As an events organiser and DJ, Nicolas Endlicher aka Herrenscheide liberates gender and sexuality with every party he hosts – following a long tradition that Berlin is known for. The first magazine for homosexual men was founded in the German capital. In the 1920’s the city even got the title of being the gay capital of Europe, with queer bars and clubs flourishing the neighbourhood of Schöneberg, with performers like Marlene Dietrich breaking boundaries and stereotypes. Over the last few decades Berlin has returned to its old fame, attracting LGBTQ+ people from around the world. Four years ago Nicolas Endlicher was one of them, when he left his hometown of Vienna to escape the term ‘subculture’, feeling confident that in Berlin the life for gay men would be as accepted as being a heterosexual man in Austria. The now 27-year-old was then searching for acceptance, a community, for something more extreme, for something more open-minded. As one of the founders of the club night Herrensauna, he eventually created his own free space filled with good music, and uncaging sexuality. A safe space he had deeply missed. Completely surprised by the success of their first party, Herrensauna quickly became a no-brainer leading to the founders hosting residence nights in clubs all over Europe.
How are you doing?
I’d say I feel better than ever before.
Is that because you recently moved to Paris?

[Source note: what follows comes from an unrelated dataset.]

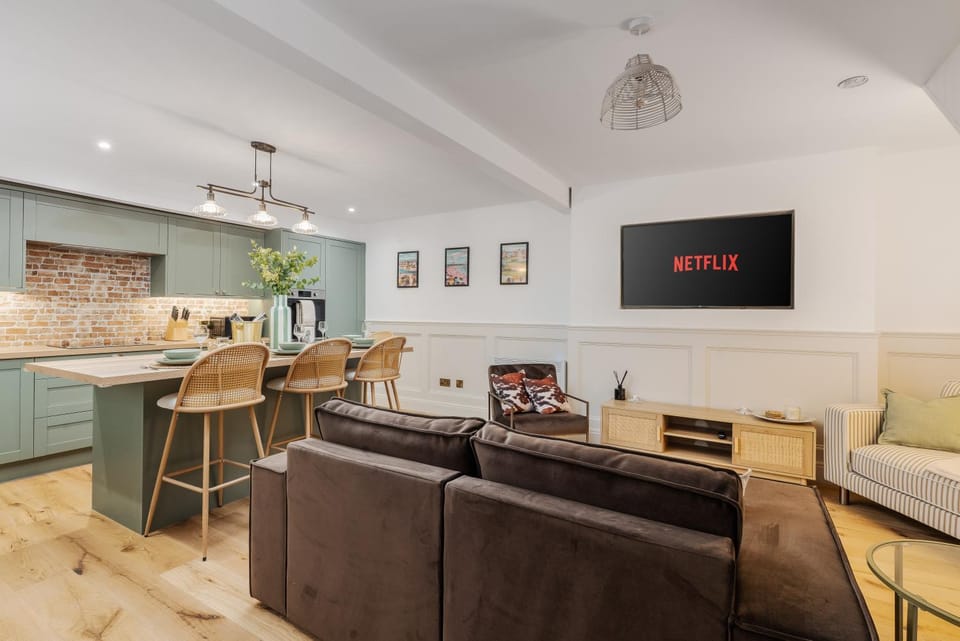 TV and multimedia, Kitchen or kitchenette, Living room, Seating area, Dining area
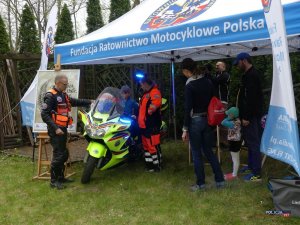motocykl ambulans, ratownicy i pozostali uczestnicy akcji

I haven’t really left Berlin, I just divide my time pretty evenly between Paris and Berlin. After four years in Berlin I wanted to see something else. I felt like I achieved a lot of the goals that I set for myself, and that it was time for the next step. Apart from that I also left because I just didn’t know what to do in Berlin anymore. I of course had quite a few projects going on, worked a lot as a DJ and our party was also going great, but I still felt that, as wonderful as all of this is, at the age of 27 I just wanted more. I went out so much – I needed the pressure to work more and to earn more.
How did you change during the four years you lived in Berlin?

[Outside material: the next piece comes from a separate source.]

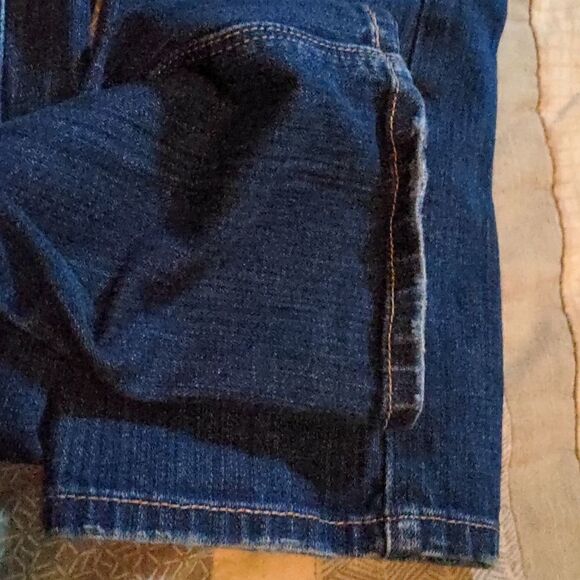 Levi's Straight 424 Jeans Medium Blue Lightly Distressed Size 9 - Picture 9 of 9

Completely. I of course got older, I was 23 years old when I moved to Berlin and 27 years old when I left, and those years are very formative. Particularly in the last one and a half years I noticed a huge development. That was partly due to my surroundings, but also due to the fact this was just is a general shift for people my age. Berlin has influenced me tremendously and made me the person I am today. It eliminated the snob and spoiled child in me, it has grounded me a lot and showed me how many different ways of life there are, and especially how beautiful each of these ways can be. I learned to cherish, not judge, other people. Cities like Paris or Vienna aren’t necessarily able to open your eyes like that.
Would you say that the founding of Herrensauna was the final physical and psychological clearance for you?
Absolutely, that was the moment we all felt accepted, understood, and validated. It is extremely important that these kind of places and parties exist, where people can just live out their craziest fantasies, whether that is being naked the whole time, or by dressing however they want to, or making out with whoever they want to, because for a lot of people, these things are not a no-brainer. They come to Berlin to experience exactly that, because they have heard of this freedom, and because they can’t freely express themselves in their hometowns. It is very hard for the queer community to find these safe spaces. That is why we want to give back, and show solidarity.
Have you ever experienced the downside of the party-fuelled lifestyle?
This city is able to give you so much freedom because you don’t have as much pressure as you would have in Paris to really get your life together and earn a decent amount of money. In Berlin you have more time to hang around, to party, and only afterwards to actually think about your life and your choices. But, a lot of people can’t handle that freedom. There are plenty of opportunities to fall in a deep hole, but there are also ways to avoid that. We have all been lost at some point, and I frequently feel this way in Berlin. It actually is part of the charm – losing yourself, but then also finding yourself. I wouldn’t say that I am depressive or a particularly sad person, but I too had times where I doubted myself and didn’t know what to do next. But these times always went away. These feelings just naturally develop when people take drugs, go out a lot, but don’t really work that much, of course this lifestyle will bring you down. You just have too much free time, too much time to let these thoughts expand instead of fighting them. This is definitely linked to Berlin, because so many people only have a part-time job where they work two or three days a week, then party the whole weekend – naturally you then don’t have many achievements. Ultimately, humans need a feeling of success, to feel needed, important, and special. Enjoying the lifestyle of Berlin, the cheapness, the easiness, the open-minded people, the parties, all of this is fun for a while, but you need to have a long-term plan, a goal. Otherwise you fall into that hole I mentioned, without even realising it, especially during the long and dark winter months.
Studies suggest that people living in the countryside are happier than those in the city. Do you think that is a fair representation?
I can’t really imagine moving to the countryside and being super happy, but I could imagine moving to an island. Every year I try to go to Southeast Asia, somewhere without any tourism, or streets, or electricity, just nice locals and cheap food. A small island somewhere in Southeast Asia would work for me, but I would always need the city to feel closeby.